A VIEW TO INSPIRE READERS: Notre Dame, as seen through Shakespeare and Company. Photo by Barry Benepe.

I wrote my first article for WestView just over ten years ago in March 2008. It explored the need to calm traffic around Union Square Park, one of our city’s most crowded historic public places. Thirty years earlier, I had prepared a plan called Three Parks for Community Board Five, of which, I was a member. This plan proposed to link Madison Square to Washington Square along the historic Ladies’ Mile along Broadway and past Union Square. The emphasis was on channeling auto traffic and increasing pedestrian space. I made new drawings for Union Square which were incorporated in the visionary work of Transportation Commissioner, Janette Sadik-Khan, Mayor Bloomberg’s pragmatic street planner.

Broadway above Union Square is now a landscaped garden terrace with tables and chairs. 17th Street has colored slices providing a pedestrian promenade. Fourth Avenue has bike lanes. The North and West sides of Union Square have seen parking lots converted to a true public square, limited to pedestrians, and the Greenmarket Farmers Market (four days a week).

During this time, we at WestView cheered and supported the process which humanized the city. All the writers for this unique monthly journal address the pressing needs of a city which should be devoted to the welfare of its citizens, whether health and hospitals, education, culture, parks and open space, historic preservation and its unique Hudson River waterfront. The talented writers meet monthly at the home of its publisher, George Capsis, where they share ideas and inspiration, seeking and welcoming feedback.

The shared stimulus of these discussions help produce a more inspired, informed range of writing that recalls another group of writers based on the Left Bank in Paris. Founded by Sylvia Beach, an American born in Baltimore in 1887, Shakespeare and Company became a gathering place for expatriate authors and where French writers could pursue their interests in American literature. It has continued to this day at 37 rue de la Bucherie, overlooking the Seine, and the towers of Notre Dame in the distance. It offers a retreat for writers and readers to visit its library or purchase from a wide range of French, American and English literature while sitting leisurely at one of the tiny cafe tables, bordering the river, outside.

There is an affinity of these two, WestView and Shakespeare and Company across the Atlantic. Both are linked to the excitement of shared knowledge and ideas. The cafe tables on the rue de la Bucherie and those in George Capsis’s garden provide a nexus of intellectual discovery.

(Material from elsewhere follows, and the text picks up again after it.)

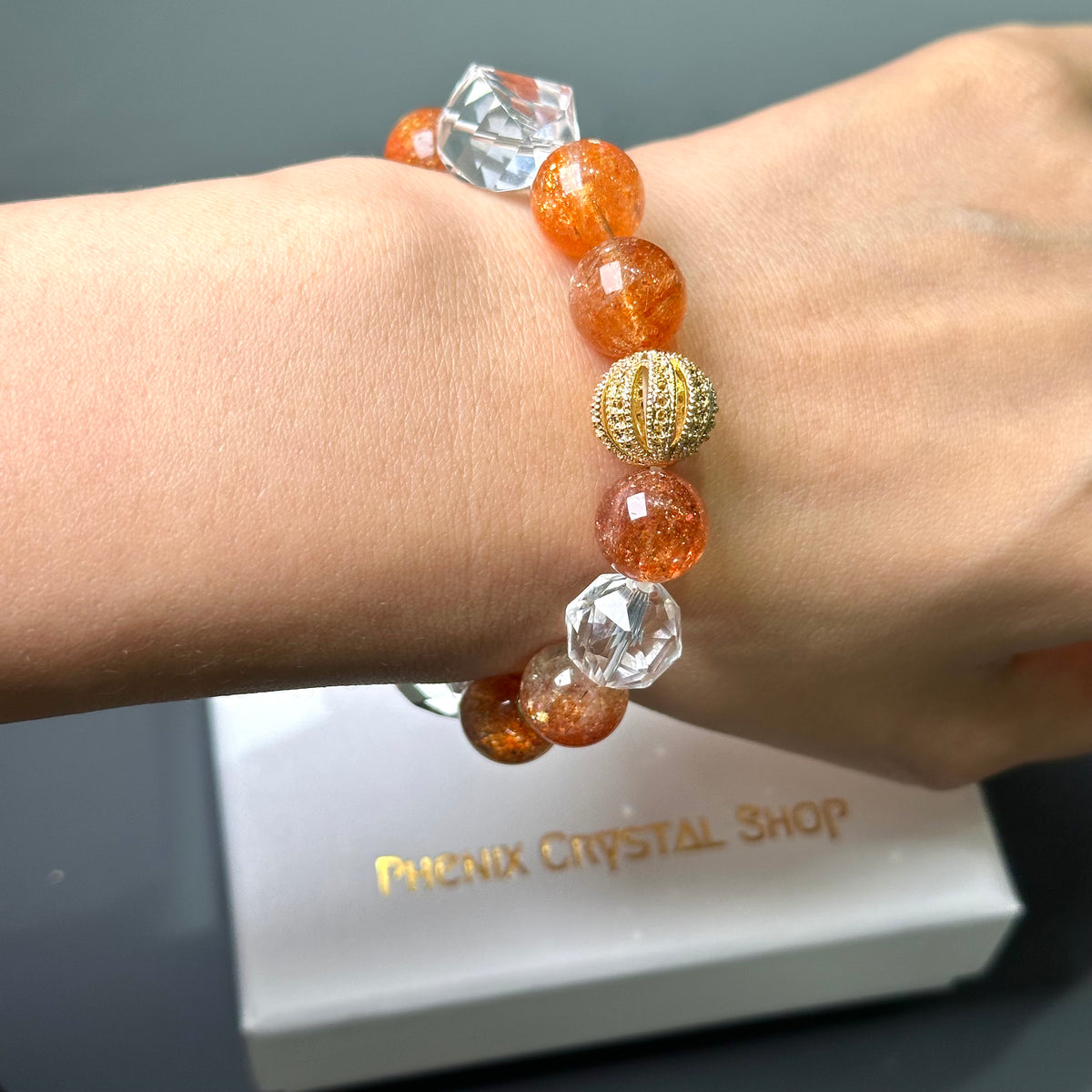 Gold Sunstone and Clear Quartz Design Bracelet 金太陽 白水晶 設計手串 | 手串 bracelet | 紋理特寫 texture detail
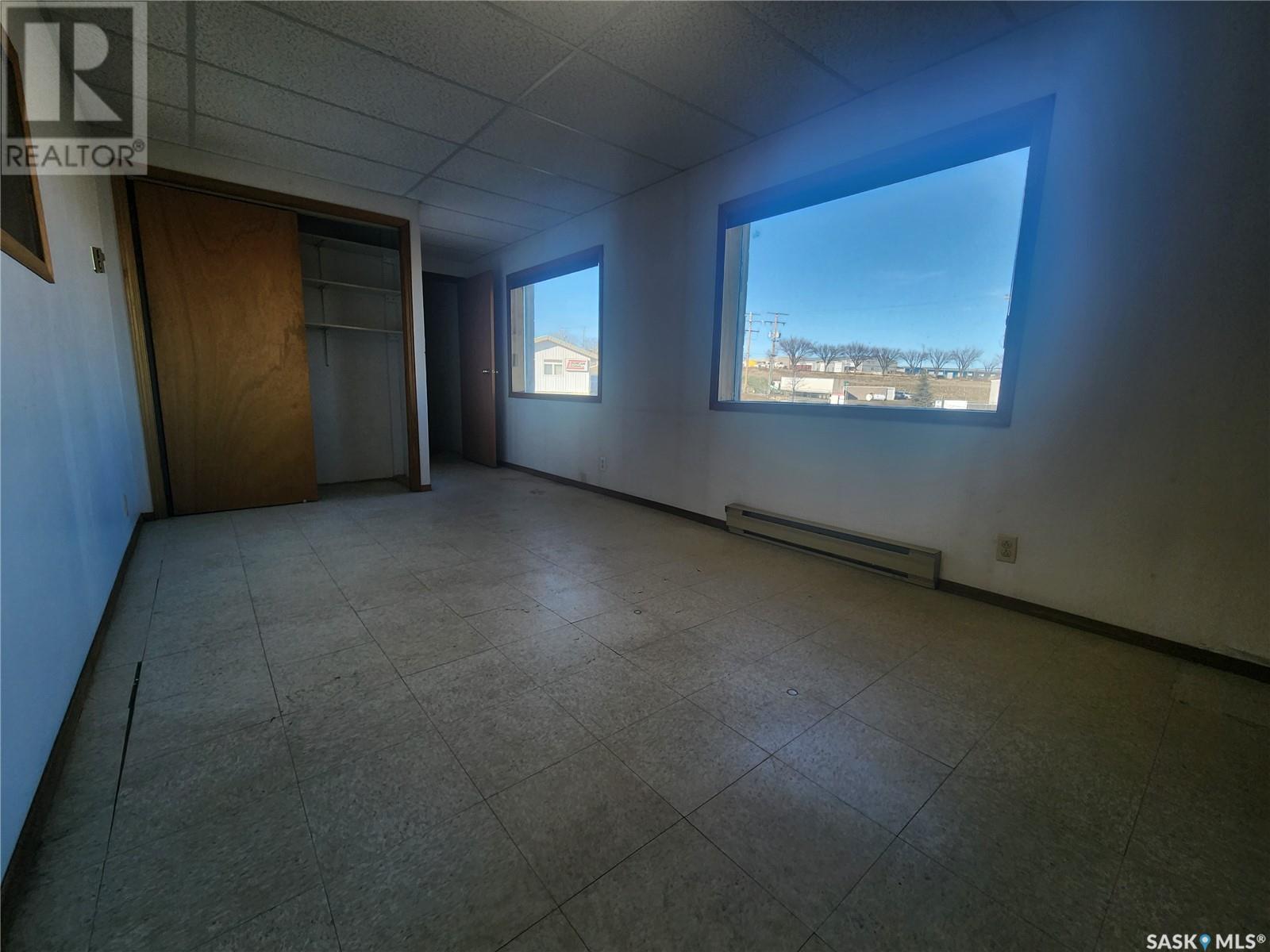 1221 Ominica Street E Property Photo 5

Finally, WestView has moved into another non-print area: music. Paris, too, in the 1920s, was a hotbed of American jazz musicians, as well as American writers. In the past year, George Capsis witnessed the slow draw-down of the congregation at St. Veronica Church on Christopher Street. With his background in and love of music, coupled with his awareness of the extraordinary acoustic beauty of this historic church, he allowed the building to give birth to a new life. He put up a huge investment to bring in a small orchestra and chorus, under the baton of his long-time friend, Michael Feldman, to present glorious performances of music written by George Frederick Handel, Bach, Beethoven and others. The space resonated with the harmonies of this music, and members of the community found a new religion: music.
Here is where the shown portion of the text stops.